La spedizione di Tolomeo II (III secolo a.C.) si spinse oltre Elefantina e forse risalì, in tutto o in parte il Nilo azzurro fino al lago Tana, ipotesi smentita da molti in quanto non si hanno tracce storiche di descrizione della confluenza tra i due rami del fiume. Il Nilo Azzurro dona il maggiore contributo di acque contribuendo maggiormente alle feconde esondazioni, ma ha un corso molto accidentato caratterizzato da andamento torentizio, energiche rapide e dalla cascata diTissisat (42 mt di caduta) che ne ostacolano l’esplorazione.
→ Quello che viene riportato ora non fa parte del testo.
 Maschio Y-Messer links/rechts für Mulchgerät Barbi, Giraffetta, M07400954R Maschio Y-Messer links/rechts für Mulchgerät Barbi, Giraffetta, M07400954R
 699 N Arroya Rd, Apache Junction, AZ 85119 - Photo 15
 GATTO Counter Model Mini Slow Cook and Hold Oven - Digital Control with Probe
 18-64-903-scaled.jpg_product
Vista aerea sul Nilo e sul Mar Rosso - Foto da da DEPOSITPHOTOS
Altro tentatitivo di rilievo alla ricerca delle sorgenti del Nilo svolto in antichità, è da attribuire a Nerone (60 d.C.) che incaricò i suoi pretoriani, al comando di un tribuno, come riportato sia da Seneca che da Plinio il vecchio. Dall’incrocio dei loro racconti si ha certezza che i pretoriani di Nerone raggiunsero la confluenza tra i due rami del fiume ed intrapresero l’esplorazione del Nilo Bianco il cui nome deriva dalla presenza massiccia di sodio nelle sue acque, fino a raggiungere la grande zona paludosa del Sudd estesa per oltre 500 km.
La particolarità del luogo, caratterizzata da isolotti mobili ed in continuo mutamento, fatti di canne e papiri marcescenti, con presenza minacciosa di coccodrilli ed ippopotami, rendevano quest’area un valico insuperabile.
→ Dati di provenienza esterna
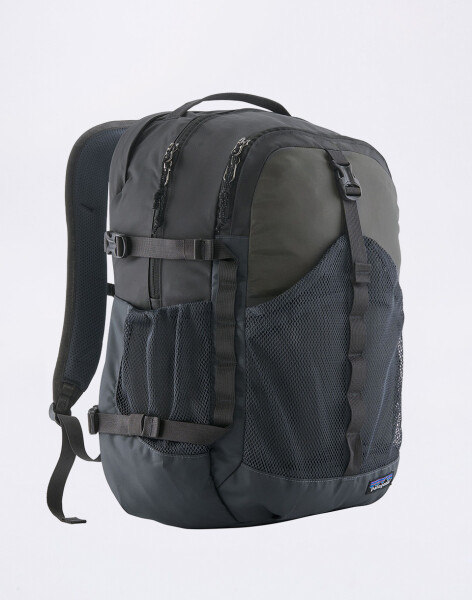 Patagonia Refugio Day Pack 30L Smolder Blue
Il fiume Nilo - Foto da DEPOSITPHOTOS
Secondo Seneca, che riporta uno dei racconti di un centurione, in qualche modo pervennero al lato meridionale della palude fino ad incontrare una possente cascata d’acqua stretta tra due rocce (cascate Murchison 43 mt di caduta) ipotizzata come la vera sorgente del Nilo.
Di fatto ci volevano ancora 1000 km di impegno per arrivare alla sua origine. Alle spalle di quest’area, esplorata a distanza di secoli dalla spedizione neroniana, si estende un complesso sitema di laghi (Vittoria, Alberto, Kyoga) con immissari ed emissari (Albert, Vittoria Kagera), alimentati anche dai ghiacciai permanenti della catena del Ruwenzori (Monti della Luna), le cui denominazioni rimandano a regnanti britannici del XIX secolo, che contribuiscono a determinare quella incerta rete di flussi idrici che, chilometro dopo chilometro, alimentano il mito di uno dei grandi fiumi della geografia e della storia umana.